Aim of the exercise: Go through the listing below and output exactly the line with "Aset premium populer: Two", the line with "Rysunek techniczny Hifi Filter SN25065", and each line between; omit the rest.

Working data:
______

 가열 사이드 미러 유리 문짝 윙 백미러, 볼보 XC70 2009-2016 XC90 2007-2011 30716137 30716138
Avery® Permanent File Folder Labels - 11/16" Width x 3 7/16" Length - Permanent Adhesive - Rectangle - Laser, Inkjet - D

______

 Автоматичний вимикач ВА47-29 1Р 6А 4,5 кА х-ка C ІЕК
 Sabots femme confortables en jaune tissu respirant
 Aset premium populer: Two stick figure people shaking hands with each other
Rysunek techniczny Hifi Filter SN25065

______

Result:
 Aset premium populer: Two stick figure people shaking hands with each other
Rysunek techniczny Hifi Filter SN25065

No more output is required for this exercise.